Mota Alba, Colás Eva, García-Sanz Pablo, Campoy Irene, Rojo-Sebastián Alejandro, Gatius Sonia, García Ángel, Chiva Luis, Alonso Sonsoles, Gil-Moreno Antonio, González-Tallada Xavier, Díaz-Feijoo Berta, Vidal August, Ziober-Malinowska Patrycja, Bobiński Marcin, López-López Rafael, Abal Miguel, Reventós Jaume, Matias-Guiu Xavier, Moreno-Bueno Gema
Departamento de Bioquímica, Universidad Autónoma de Madrid (UAM), Instituto de Investigaciones Biomédicas 'Alberto Sols' (CSIC-UAM), IdiPAZ, Madrid, Spain.
MD Anderson International Foundation, Madrid, Spain.
Mod Pathol. 2017 Jan;30(1):134-145. doi: 10.1038/modpathol.2016.143. Epub 2016 Sep 2.
Endometrial cancer is the most common cancer of the female genital tract in developed countries. Although the majority of endometrial cancers are diagnosed at early stages and the 5-year overall survival is around 80%, early detection of these tumors is crucial to improve the survival of patients given that the advanced tumors are associated with a poor outcome. Furthermore, correct assessment of the pre-clinical diagnosis is decisive to guide the surgical treatment and management of the patient. In this sense, the potential of targeted genetic sequencing of uterine aspirates has been assessed as a pre-operative tool to obtain reliable information regarding the mutational profile of a given tumor, even in samples that are not histologically classifiable. A total of 83 paired samples were sequenced (uterine aspirates and hysterectomy specimens), including 62 endometrioid and non-endometrioid tumors, 10 cases of atypical hyperplasia and 11 non-cancerous endometrial disorders. Even though diagnosing endometrial cancer based exclusively on genetic alterations is currently unfeasible, mutations were mainly found in uterine aspirates from malignant disorders, suggesting its potential in the near future for supporting the standard histologic diagnosis. Moreover, this approach provides the first evidence of the high intra-tumor genetic heterogeneity associated with endometrial cancer, evident when multiple regions of tumors are analyzed from an individual hysterectomy.

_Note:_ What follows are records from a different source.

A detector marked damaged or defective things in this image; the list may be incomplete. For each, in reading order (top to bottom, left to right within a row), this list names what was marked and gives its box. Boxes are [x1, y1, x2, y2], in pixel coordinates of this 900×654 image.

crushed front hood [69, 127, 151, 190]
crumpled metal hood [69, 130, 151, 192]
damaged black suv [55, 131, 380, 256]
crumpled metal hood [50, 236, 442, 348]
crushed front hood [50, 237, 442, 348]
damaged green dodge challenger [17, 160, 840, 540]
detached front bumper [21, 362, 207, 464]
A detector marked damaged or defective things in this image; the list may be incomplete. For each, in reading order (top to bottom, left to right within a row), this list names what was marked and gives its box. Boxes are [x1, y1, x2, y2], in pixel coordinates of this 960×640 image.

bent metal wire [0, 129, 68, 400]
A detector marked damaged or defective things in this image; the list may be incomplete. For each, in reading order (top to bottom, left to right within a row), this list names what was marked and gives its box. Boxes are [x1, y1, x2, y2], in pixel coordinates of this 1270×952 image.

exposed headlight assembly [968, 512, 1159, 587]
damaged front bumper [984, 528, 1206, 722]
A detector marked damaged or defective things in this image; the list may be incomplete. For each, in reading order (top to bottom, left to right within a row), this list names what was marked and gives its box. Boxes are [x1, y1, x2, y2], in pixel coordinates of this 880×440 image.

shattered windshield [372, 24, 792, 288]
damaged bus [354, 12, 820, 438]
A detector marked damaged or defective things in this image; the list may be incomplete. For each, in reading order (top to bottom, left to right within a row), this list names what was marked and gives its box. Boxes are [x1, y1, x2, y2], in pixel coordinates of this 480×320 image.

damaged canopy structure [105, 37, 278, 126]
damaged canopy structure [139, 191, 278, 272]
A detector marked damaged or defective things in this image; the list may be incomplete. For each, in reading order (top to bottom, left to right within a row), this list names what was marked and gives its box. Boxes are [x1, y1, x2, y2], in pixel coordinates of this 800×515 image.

Notably, the genetic analysis of uterine aspirates captures this heterogeneity, solving the potential problem of incomplete genetic characterization when a single tumor biopsy is analyzed.
子宫内膜癌是发达国家女性生殖道最常见的癌症。尽管大多数子宫内膜癌在早期被诊断出来,5年总生存率约为80%,但鉴于晚期肿瘤预后较差,早期发现这些肿瘤对于提高患者生存率至关重要。此外,正确评估临床前诊断对于指导患者的手术治疗和管理具有决定性意义。从这个意义上讲,子宫吸出物的靶向基因测序作为一种术前工具的潜力已得到评估,以获取有关特定肿瘤突变谱的可靠信息,即使是在组织学上无法分类的样本中。总共对83对样本(子宫吸出物和子宫切除标本)进行了测序,包括62例子宫内膜样和非子宫内膜样肿瘤、10例非典型增生和11例非癌性子宫内膜疾病。尽管目前仅基于基因改变诊断子宫内膜癌是不可行的,但突变主要在恶性疾病的子宫吸出物中发现,这表明其在不久的将来支持标准组织学诊断的潜力。此外,这种方法首次证明了与子宫内膜癌相关的肿瘤内高度基因异质性,当从单个子宫切除标本中分析肿瘤的多个区域时很明显。值得注意的是,子宫吸出物的基因分析捕捉到了这种异质性,解决了分析单个肿瘤活检时基因特征不完整的潜在问题。